I can’t believe this information is correct and I can’t find anything on the web about it.
Anyone know anything about this? What can I expect (apart from my nipple rings freezing to my skin, that is)?
Left the cold and rain of Taipei and by the time we hit Jiayi, it was warm, sunny and wonderful.
Since there were women with us, of course, we had to duck and dive through the back streets to avoid the mad serial rapists and trigger-happy gangsters, and we were unable to visit a friend of ours cos she lived on the fifth floor, so of course it was MUCH too dangerous – I didn’t want to “accidentally” fall – but we soon left that sink of death and iniquity behind and got on the Alishan road.
Beautiful evening scenery as the clouds started rolling and swirling down the valleys like white dragons.
Stayed in a nice hotel up there, ate four partridges for dinner by myself (everyone else was veggie), got up at 4 am, took the little train up the hill iin the dark and walked up to the viewing area where, sure enough, there was a 5-piece chamber group (harp, cello, viola and violins) playing show tunes and tangos in 2 degrees celcius.
Sun came up, everybody clapped, back on the train.
Yeah, there were a couple of TV cameras there.

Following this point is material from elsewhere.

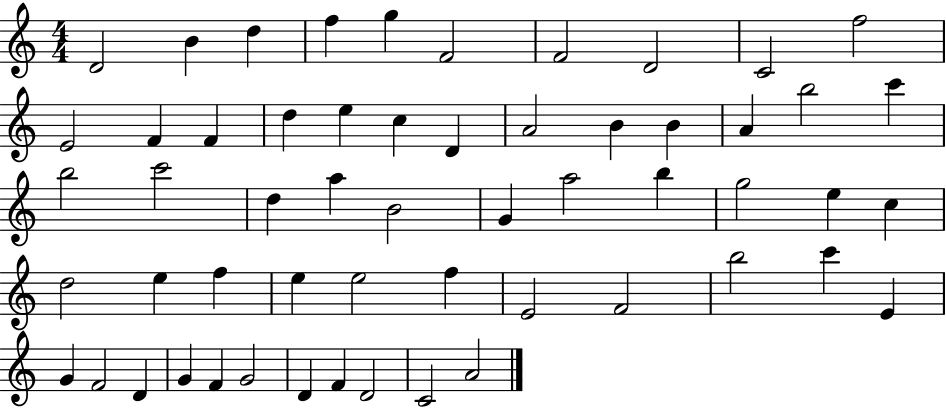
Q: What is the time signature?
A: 4/4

But there was also a fair sprinkling of foreigners. I was the one in the black coat and the poseur aborigine hat. No problems with the nipple rings either, which was nice.
Looking up info on Alishan for a friend and came across this thread.
I stayed in a very cheap but OK tatami-style place on Alishan run by, but in a separate building from, the Gaofeng hotel. I posted about it over here; [A li shan- accommodations and interesting things to do?
Could be cold in winter though.
Could you post the name of the place you stayed, Sandman?